The study, published on Monday by a group of researchers at the Center for Human and Machines at the Max Planck Institute for Human Development, suggests that while humans can learn from algorithms how to better solve certain problems, human biases prevented performance improvements from lasting as long as expected. Humans tended to prefer solutions from other humans over those proposed by algorithms, because they were more intuitive, or were less costly upfront—even if they paid off more, later.
“Digital technology already influences the processes of social transmission among people by providing new and faster means of communication and imitation,” the researchers write in the study. “Going one step further, we argue that rather than a mere means of cultural transmission (such as books or the Internet), algorithmic agents and AI may also play an active role in shaping cultural evolution processes online where humans and algorithms routinely interact.”
The crux of this research rests on a relatively simple question: If social learning, or the ability of humans to learn from one another, forms the basis of how humans transmit culture or solve problems collectively, what would social learning look like between humans and algorithms? Considering scientists don’t always know and often can’t reproduce how their own algorithms work or improve, the idea that machine learning could influence human learning—and culture itself—throughout generations is a frightening one.
“There’s a concept called cumulative cultural evolution, where we say that each generation is always pulling up on the next generation, all throughout human history,” Levin Brinkmann, one of the researchers who worked on the study, told Motherboard. “Obviously, AI is pulling up on human history—they’re trained on human data. But we also found it interesting to think about the other way around: that maybe in the future our human culture would be built up on solutions which have been found originally by an algorithm.”
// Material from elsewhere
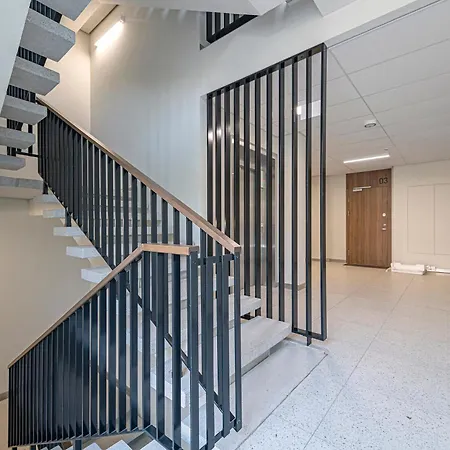 Lejlighed Modern 2-Bedroom Apartment With Free Parking By Eiro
One early example cited in the research is Go, a Chinese strategy board game that saw an algorithm—AlphaGo—beat the human world champion Lee Sedol in 2016. AlphaGo made moves that were extremely unlikely to be made by human players and were learned via self-play instead of analyzing human gameplay data. The algorithm was made public in 2017 and such moves have become more common among human players, suggesting that a hybrid form of social learning between humans and algorithms was not only possible but durable.
We already know that algorithms can and do significantly affect humans. They’re not only used to control workers and citizens in physical workplaces, but also control workers on digital platforms and influence the behavior of individuals who use them. Even studies of algorithms have previewed the worrying ease with which these systems can be used to dabble in phrenology and physiognomy. A federal review of facial recognition algorithms in 2019 found that they were rife with racial biases. One 2020 Nature paper used machine learning to track historical changes in how “trustworthiness” has been depicted in portraits, but created diagrams indistinguishable from well-known phrenology booklets and offered universal conclusions from a dataset limited to European portraits of wealthy subjects.
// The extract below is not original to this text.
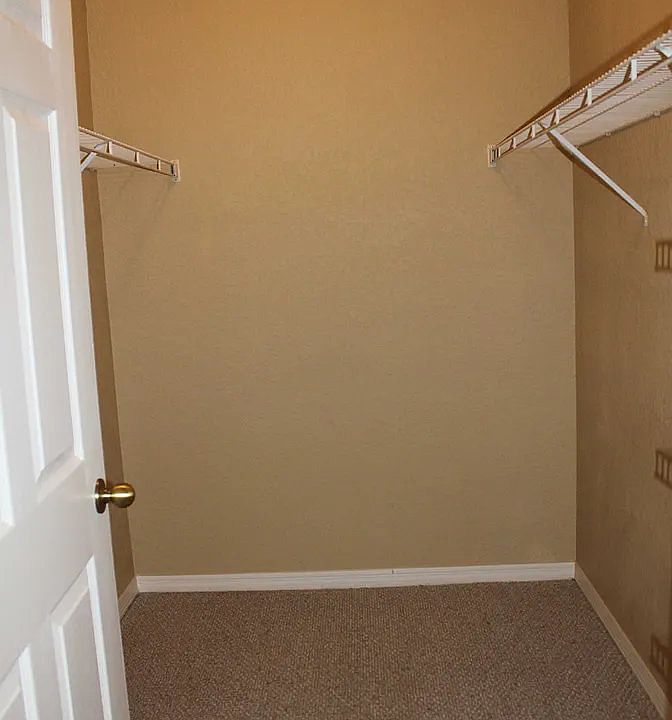 1st image of 841 Grand Regency Poin #105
“I don’t think our work can really say a lot about the formation of norms or how much AI can interfere with that,” Brinkmann said. “We’re focused on a different type of culture, what you could call the culture of innovation, right? A measurable value or peformance where you can clearly say, ‘Okay this paradigm—like with AlphaGo—is maybe more likely to lead to success or less likely.’”
For the experiment, the researchers used “transmission chains,” where they created a sequence of problems to be solved and participants could observe the previous solution (and copy it) before solving it themselves. Two chains were created: one with only humans, and a hybrid human-algorithm one where algorithms followed humans but didn’t know if the previous player was a human or algorithm.
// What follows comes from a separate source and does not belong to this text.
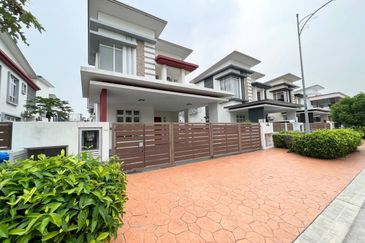 Casa Idaman, Setia Alam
The task to solve was to find “an optimal sequence of moves” to navigate a network of six nodes and receive awards with each move.
“As expected, we found evidence of a performance improvement over generations due to social learning,” the researchers wrote. “Adding an algorithm with a different problem-solving bias than humans temporarily improved human performance but improvements were not sustained in following generations. While humans did copy solutions from the algorithm, they appeared to do so at a lower rate than they copied other humans’ solutions with comparable performance.”
Brinkmann told Motherboard that while they were surprised superior solutions weren’t more commonly adopted, this was in line with other research suggesting human biases in decision-making persist despite social learning. Still, the team is optimistic that future research can yield insight into how to amend this.
“One thing we are looking at now is what collective effects might play a role here,” Brinkmann said. “For instance, there is something called ‘context bias.’ It’s really about social factors which may also play a role, about unintuitive or alien solutions for a group can be sustained. We are also quite excited about the question of communication between algorithms and humans: what does that actually look like, what kind of features do we need from AI to learn or imitate solutions from AI?”